- ABOUT THIS EXERCISE -
In the listing below, find the line containing "Evangelium am Sontag" and the line containing "Albaicín Neighborhood from". Repeat exactly those two lines and every line between them, nothing more.

- SUPPLIED MATERIAL -

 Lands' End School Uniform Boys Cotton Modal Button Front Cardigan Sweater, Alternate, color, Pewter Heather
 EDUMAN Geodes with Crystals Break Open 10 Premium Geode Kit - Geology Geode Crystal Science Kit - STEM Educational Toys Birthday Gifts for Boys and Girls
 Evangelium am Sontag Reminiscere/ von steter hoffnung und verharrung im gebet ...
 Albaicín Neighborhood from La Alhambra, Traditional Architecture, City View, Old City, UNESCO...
==
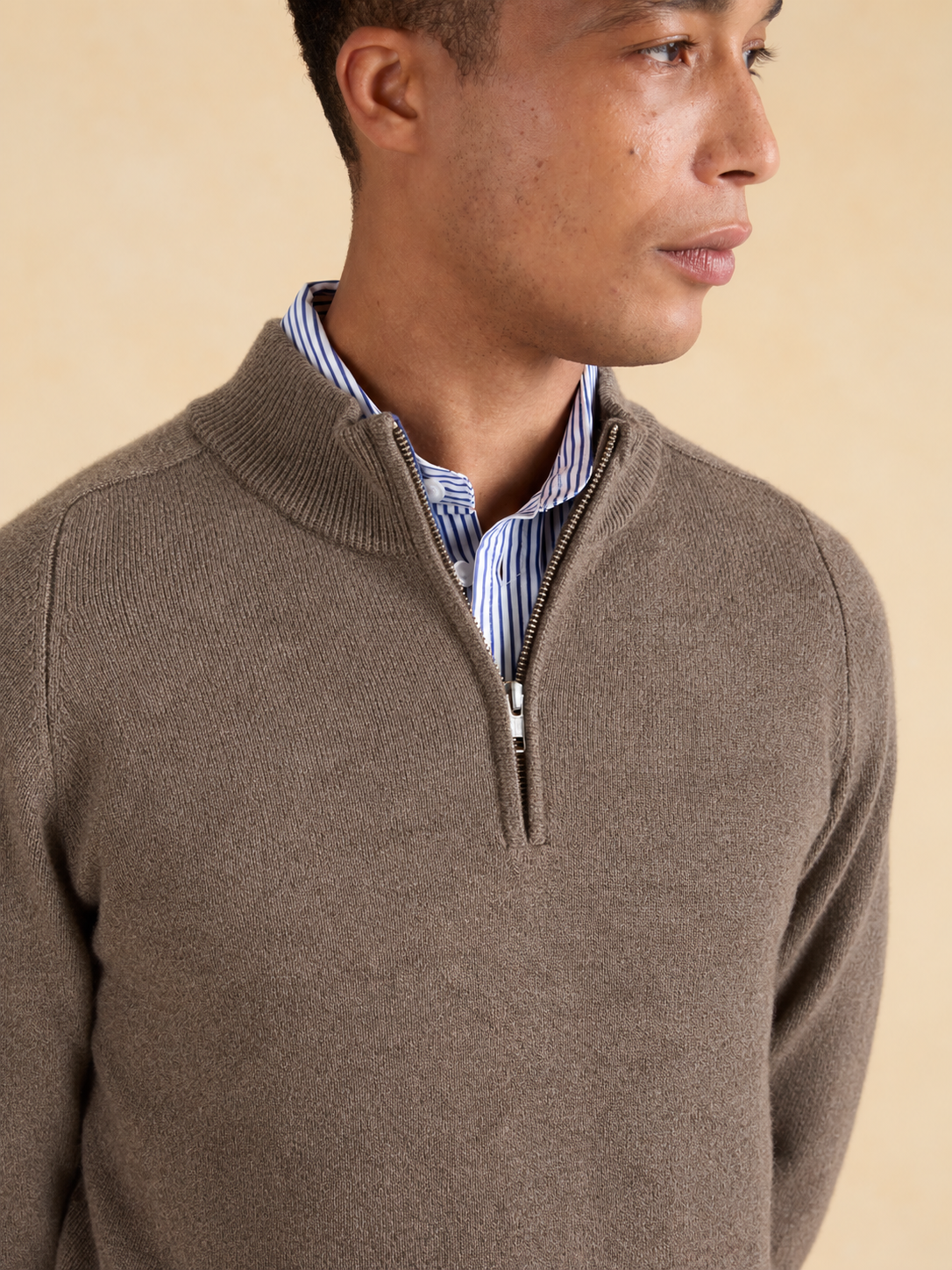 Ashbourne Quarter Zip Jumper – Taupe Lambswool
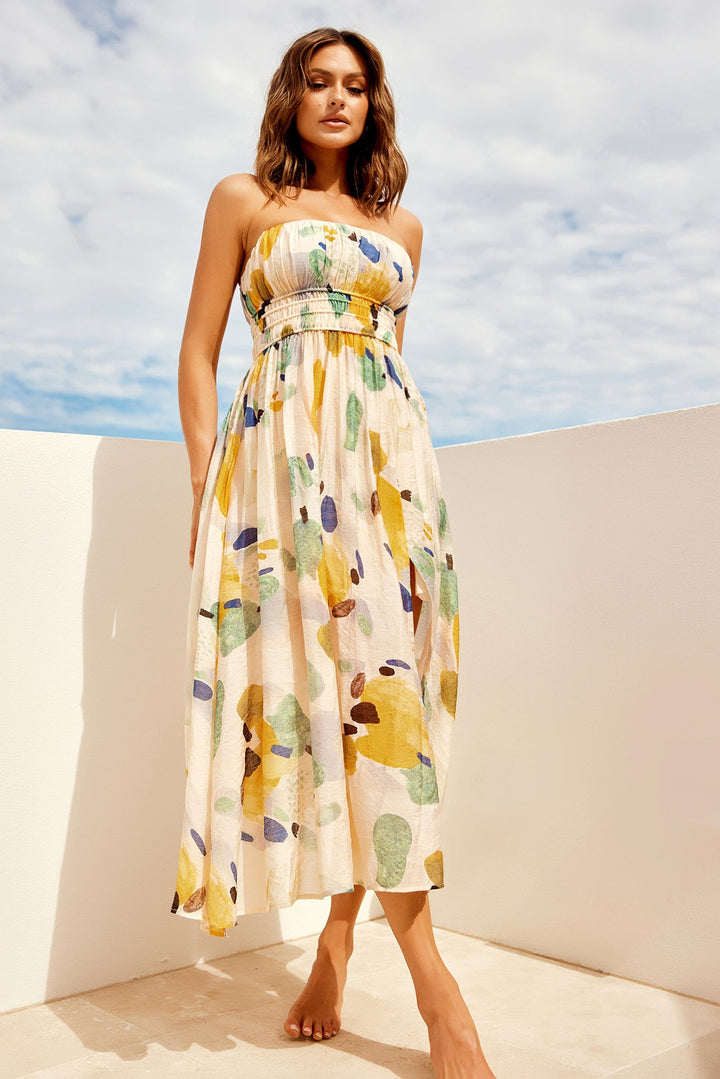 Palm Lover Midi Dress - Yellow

- RESPONSE TO THE EXERCISE -
 Evangelium am Sontag Reminiscere/ von steter hoffnung und verharrung im gebet ...
 Albaicín Neighborhood from La Alhambra, Traditional Architecture, City View, Old City, UNESCO...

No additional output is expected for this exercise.